‘Dünyanın gözü kulağı, dün Ankara’daydı’ denilse, sanırım yanlış olmayacak. ABD’nin tüm tavırlarına karşın, Rusya’dan sevkiyat gerçekleşti, S-400’ler Türkiye’ye ulaştı.

Ayrıntılar diyerek, çokbilmişlik yapmayacağım. Dün, canlı yayınlarda, S-400’leri taşıyan uçakları izledik ekranlarda. İçimizden içimizden gururlandık belli ki. Şahsen keyfim pek yerindeydi benim. Öyle ya, güvenlik ve savunma şart. Hele ki günümüz bu dünya şartlarında.  
Savunma Sanayii Başkanlığı: "Uzun Menzilli Bölge Hava ve Füze Savunma Sistemi Projesi kapsamında Başkanlığımız ile Rosoboronexport/Rusya Federasyonu arasında imzalanmış olan sözleşme kapsamında S-400 sistemi teslimatının ilk aşaması bugün Ankara’ya inen ilk uçakla başlatılmıştır.” Diyerek duyurdu son dakika gelişmesini.
 Haber Ajansları flaş geçtiler bu bilgiyi sonrasında da denilenler; “Sisteme ait parçaların teslimatlarına önümüzdeki günlerde devam edilecek, sistem bütünüyle hazır olduktan sonra ilgili makamların belirleyeceği şekilde kullanımına başlanacaktır."

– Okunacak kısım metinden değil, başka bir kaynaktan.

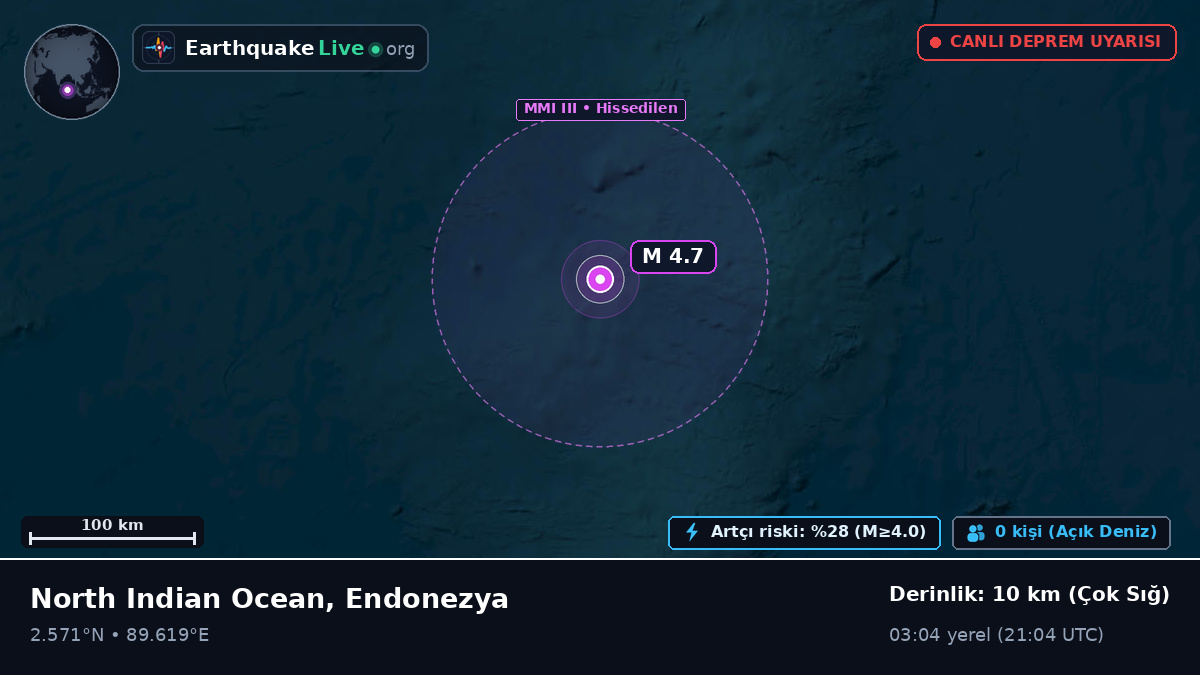 Hint Okyanusu (Endonezya)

Bilindiği üzere, Türkiye’nin bu savunma sistemine kavuşmaması için ne senaryolar yazıldı. Öyle dendi, böyle dendi, yaptırım gibi vesaire tehditler. Ne oldu? Türkiye’nin istediği oldu.
Dün Başkent gündemine göz atar iken, haber ajanslarının kaleme aldığı pek çok haber metninde; “Türkiye’nin hava ve füze savunma ihtiyacının karşılanmasına yönelik tedarik edilen S-400 Uzun Menzilli Bölge Hava ve Füze Savunma Sisteminin birinci grup malzemelerinin Ankara'ya getiren AH-124-100 kodlu Antonov uçağın burnu açıldı. S-400 sistemlerinin parçaları Murdet Askeri Havaalanında aktarım işlemleri başladı.” İfadesi ile dile getiriliyordu gelişmeler.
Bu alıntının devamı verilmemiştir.